Warren Buffett Dropped $10K on His Family for Christmas. They Blew It All … Until He Forced Them to Do This

Billionaire Warren Buffett has long pushed his family to think like investors — especially during times like Christmas. From the early 1980s through the early 1990s, the Berkshire Hathaway chairman handed each family member $10,000 in hundred-dollar bills every December, hoping they’d put the cash to work instead of burning through it.

NEW YORK, NY – JANUARY 19: Warren Buffett attends ‘Becoming Warren Buffett’ World Premiere at The Museum of Modern Art on January 19, 2017 in New York City. (Photo by Jamie McCarthy/Getty Images)

But that wasn’t exactly how things went.

Here’s What Happened

His former daughter-in-law Mary Buffett, who was married to his son Peter from 1980 to 1993, recalled in a 2019 ThinkAdvisor interview (republished by Benzinga in 2025) that the holiday gifts rarely lasted long. “As soon as we got home, we’d spend it, whoo!” she said.

So he changed the rules.

The $10,000 stayed the same, but it now came in the form of stock — starting with shares linked to a Coca-Cola trust — turning Christmas morning into an annual lesson in compounding.

Mary kept hers, later saying, “I thought, ‘Well, [this stock] is worth more than $10,000.’ So I kept it, and it kept going up.”
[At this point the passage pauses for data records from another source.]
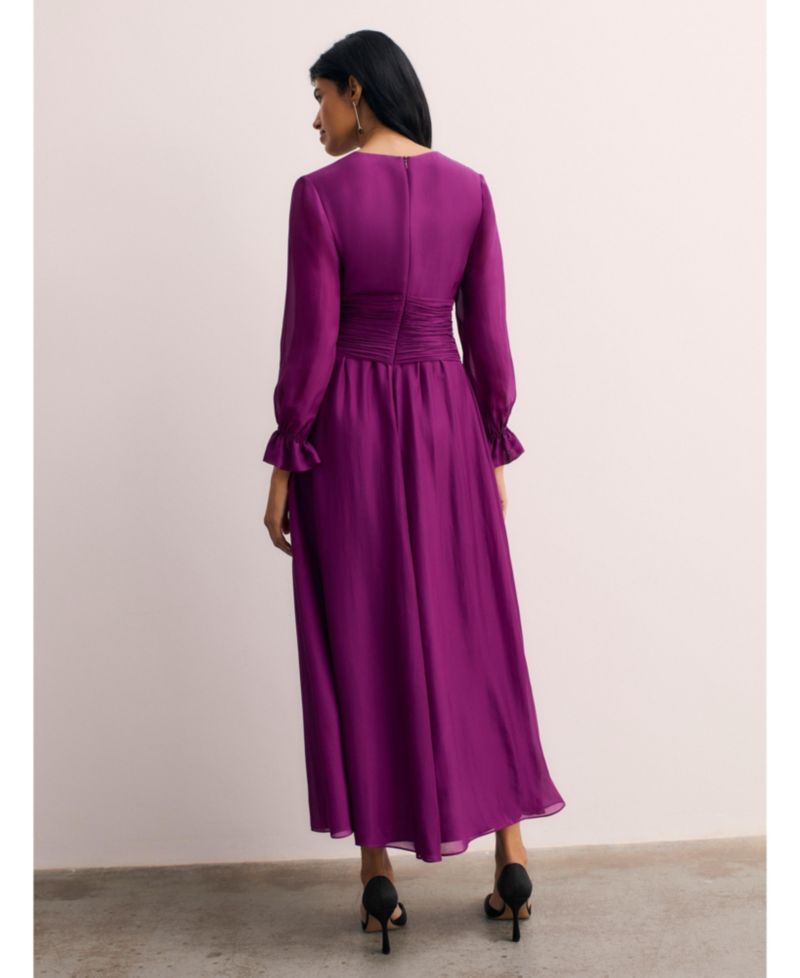Women's Sculpted Silk Long-Sleeve V-Neck Ruched-Waist Wrap Midi Dress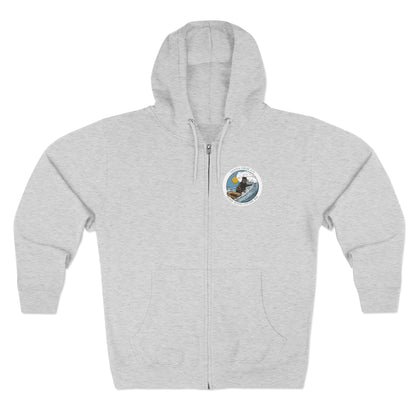 Surf with Otter 841 by Thiago Bianchini Unisex - Zip Cotton Blend Fleece Hoodie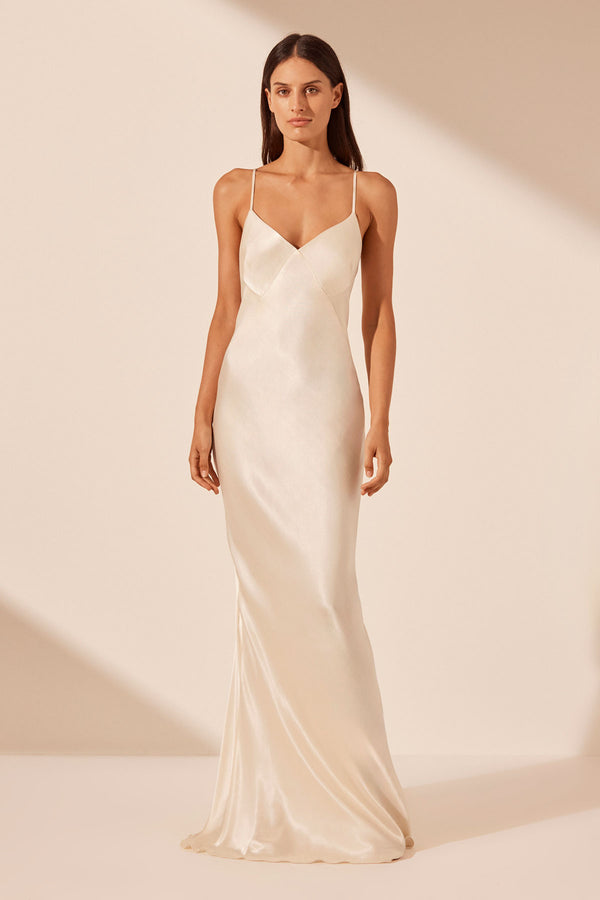 LA LUNE LOW BACK MAXI DRESS - CREAM_F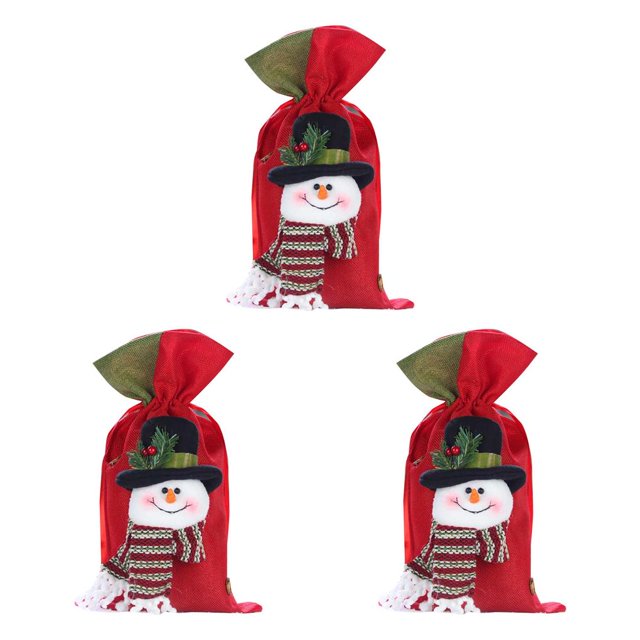 Monstrate Bolsa de regalo pequeña de Navidad Reno Muñeco de nieve Papá Noel Cordón Bolsa de galletas de caramelo Bolsa de regalo de decoración de Type3 NO3 Monstrate CBP041300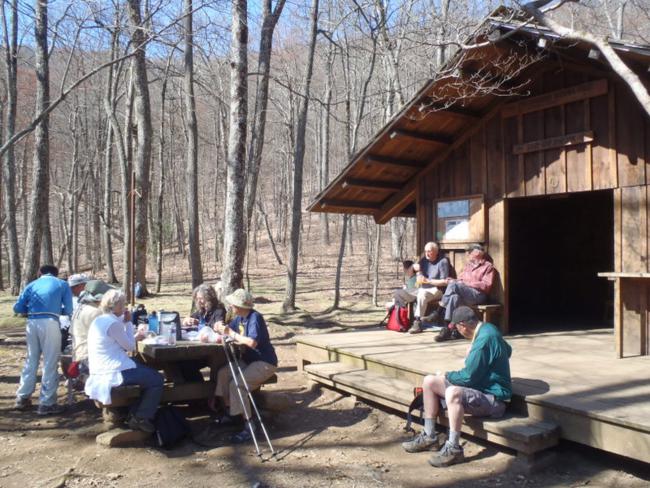 Lunchtime at the Deep Gap Shelter.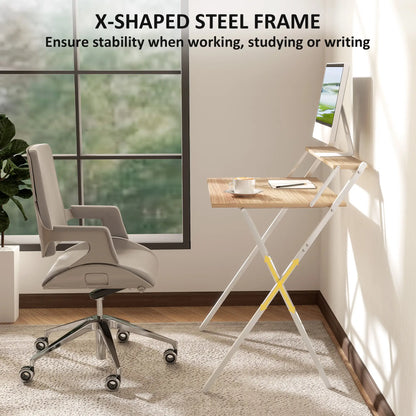 32" Folding Computer Desk with Monitor Shelf, Natural Wood Office Desks & Work Stations at Gallery Canada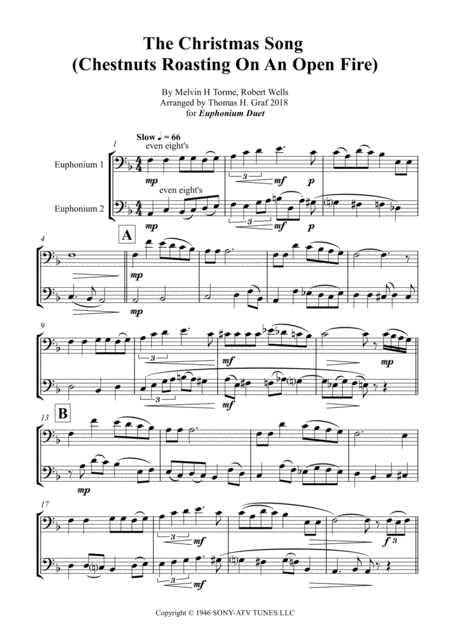 The Christmas Song Chestnuts Roasting On An Open Fire Euphonium Duet Sheet Music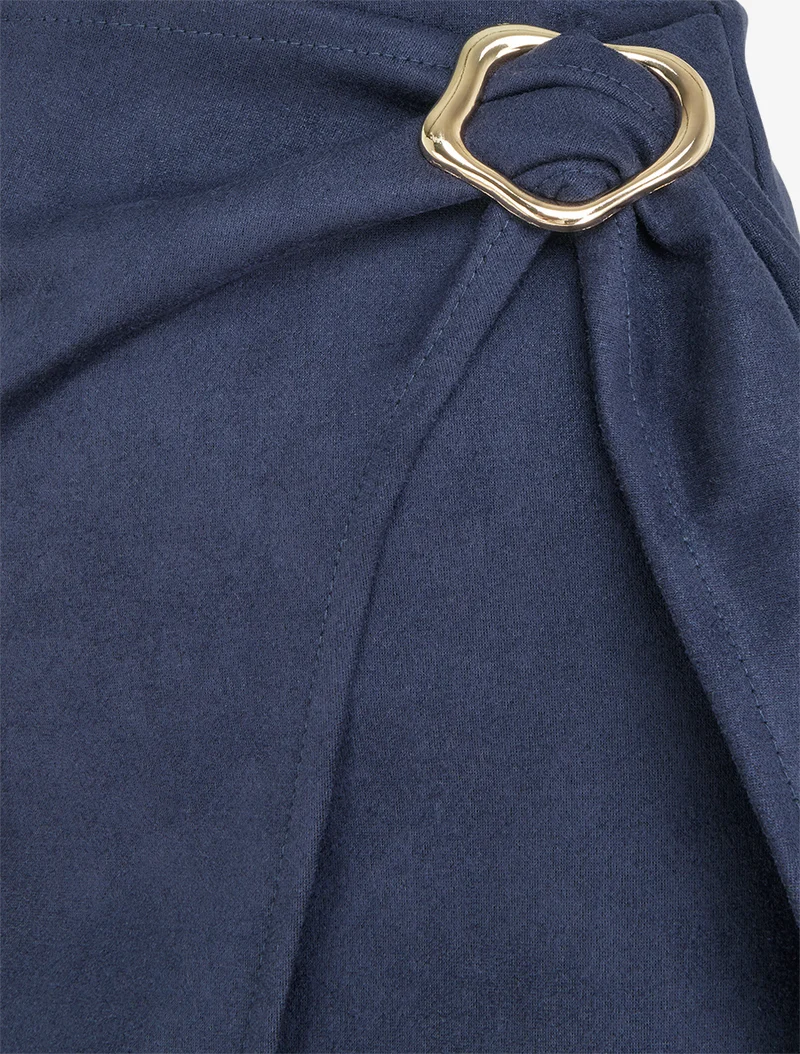 Jupe portefeuille en suédine à boucle - Marine
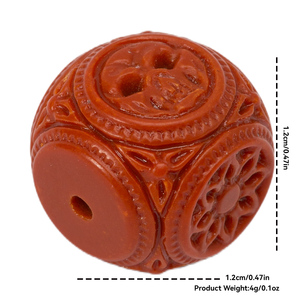 Màu Đỏ Cinnabar hình thoi chạm khắc sơn mài Cinnabar Bead thời trang của phụ nữ tự làm đồ trang sức tìm kiếm thêm hình dạng cho lựa chọn - Product Image 3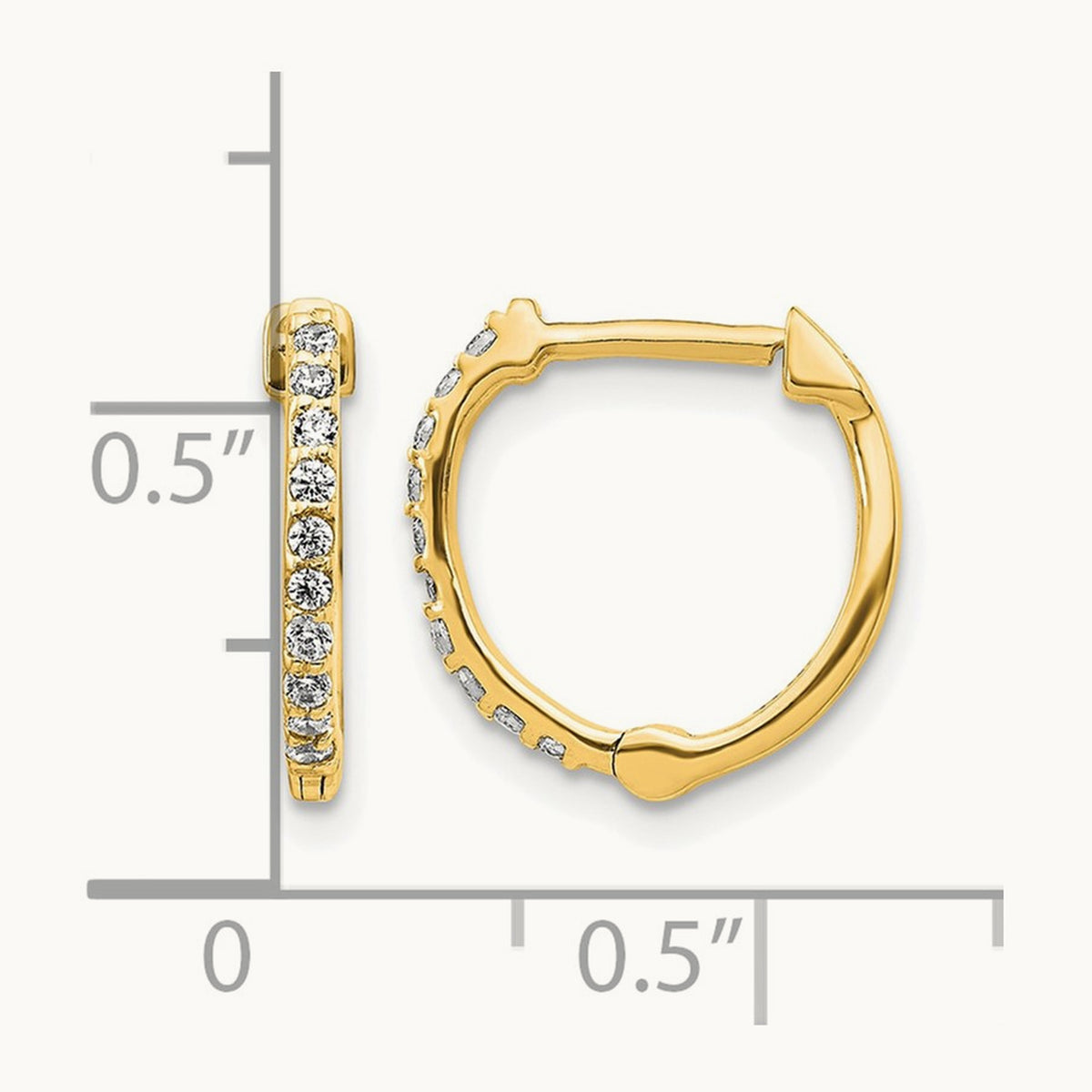 Diamond Hinged Hoop Earrings — 14K Yellow Gold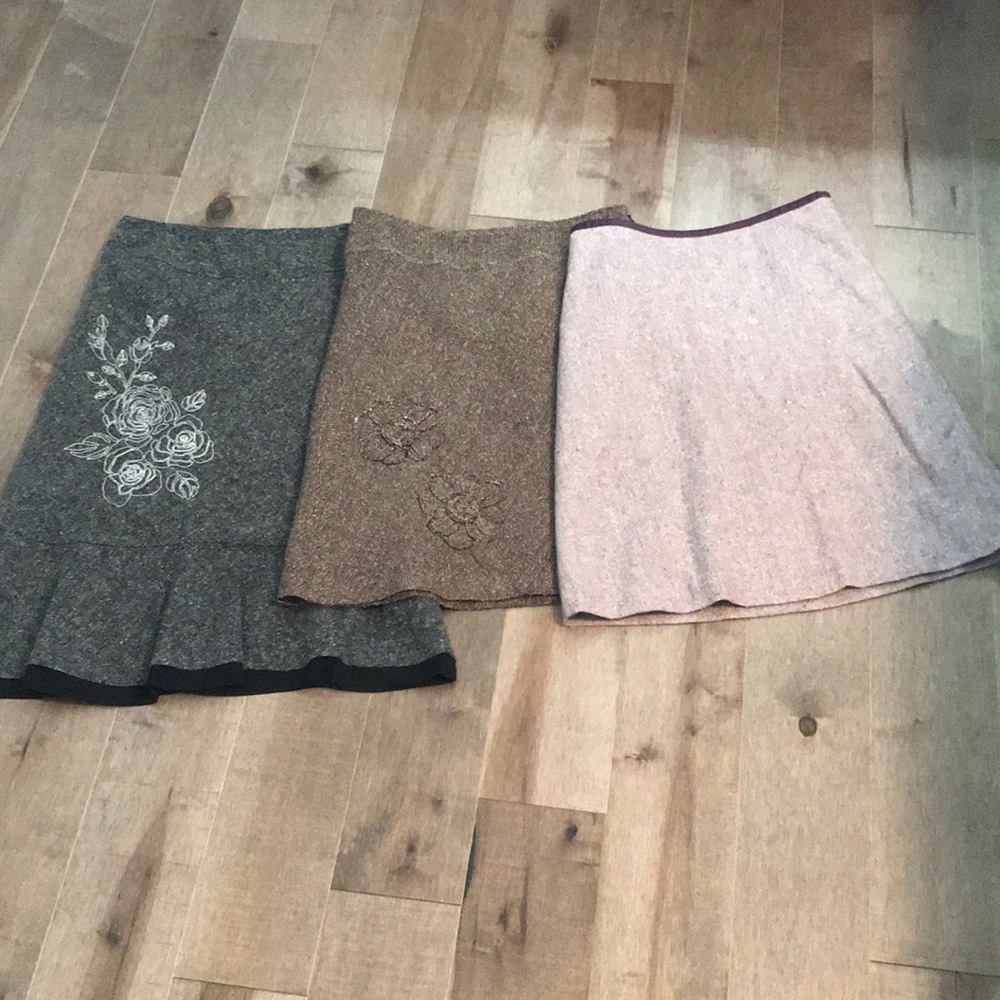 Set of 3 skirts: black, brown, purple. Size 4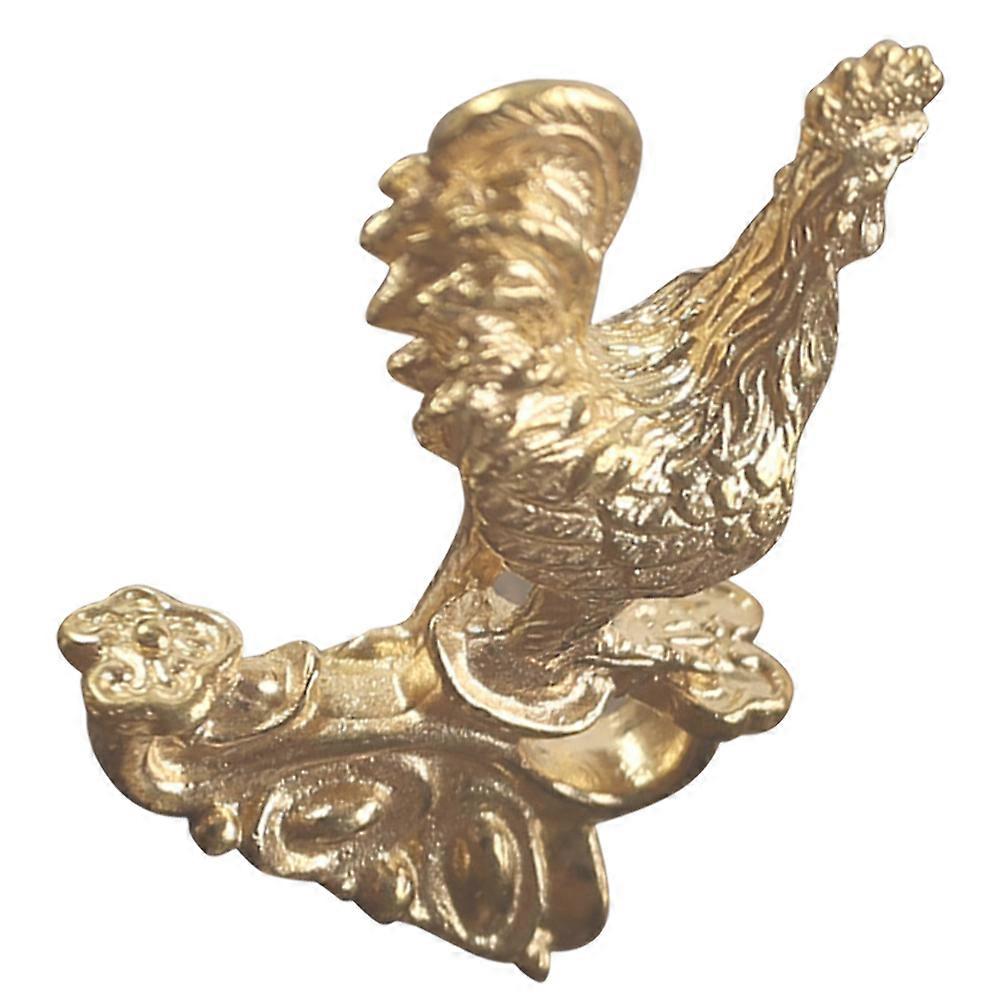 Vintage Copper Rooster Statue Chicken Figurine Home Office Decor Unique Ingot Design Space Saving Ornament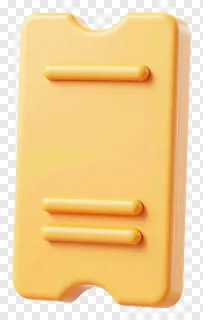 A yellow plastic ticket icon with rounded edges and three horizontal ridges.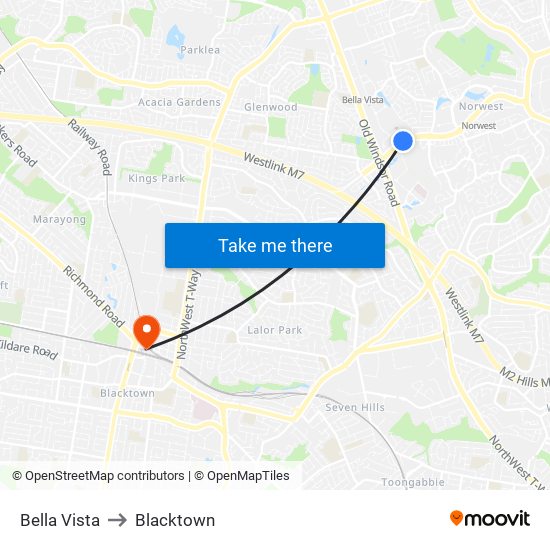 Bella Vista to Blacktown map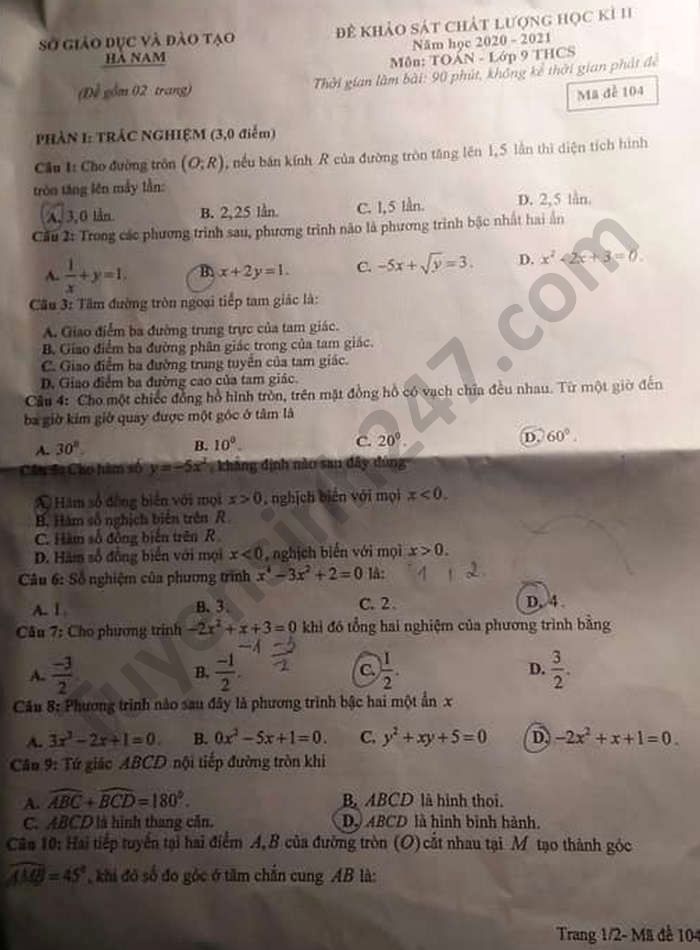 De thi hoc ki 2 nam 2021 mon Toan lop 9 So GD Ha Nam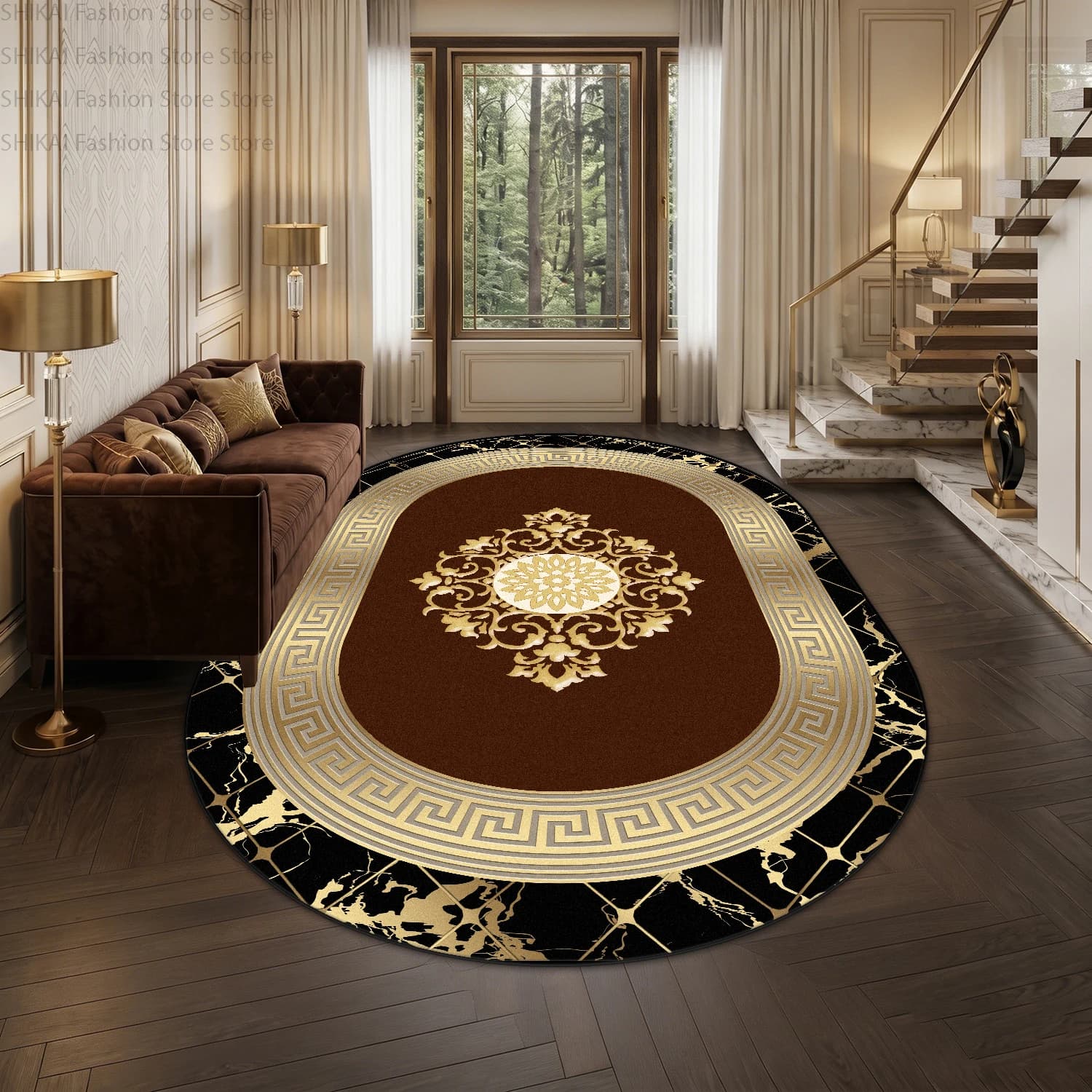 Tappeto Ovale Moderno in Stile Lussuoso Dorato per Soggiorno, Facile da Pulire, in Velluto Corto, Grande Tappeto Decorativo Antiscivolo e Soffice per Camera da Letto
The next year, Buffett gave the family stock in Wells Fargo in 1990, 10,000 shares, which today, if they were to hold on to those shares worth $10,000 it would about $850,000 today, not including dividends – Wells Fargo traded around $1 a share in 1990; today it’s near $85.

“Then, every year when he’d give us stock — Wells Fargo being one of them — I would just buy more of it because I knew it was going to go up,” Mary said.

Mary described Buffett as an investing obsessive, saying, “That’s all he talked about!” His inner circle mirrored the fixation.

All of Warren’s friends were businesspeople from major companies who gathered with the family at the holidays in Laguna Beach, California, “and they’d all talk about companies. Investing was the only thing Warren ever talked about!”

The Observer (once known as the New York Observer) reported that Mary didn’t give Warren a traditional gift, since he had zero need or desire for material things. Instead, she got creative: newly married, she handed him the balance sheet of the music company she ran with his son Peter, proving the business was profitable, a gesture he absolutely loved.

Even after their marriage ended in 1993, Mary held on to the lessons she learned from Warren, going on to co-found a number of businesses, including the investment firm Sanford DeLand and the Buffett Online School.

She also teaches business and finance classes at UCLA and other universities in California.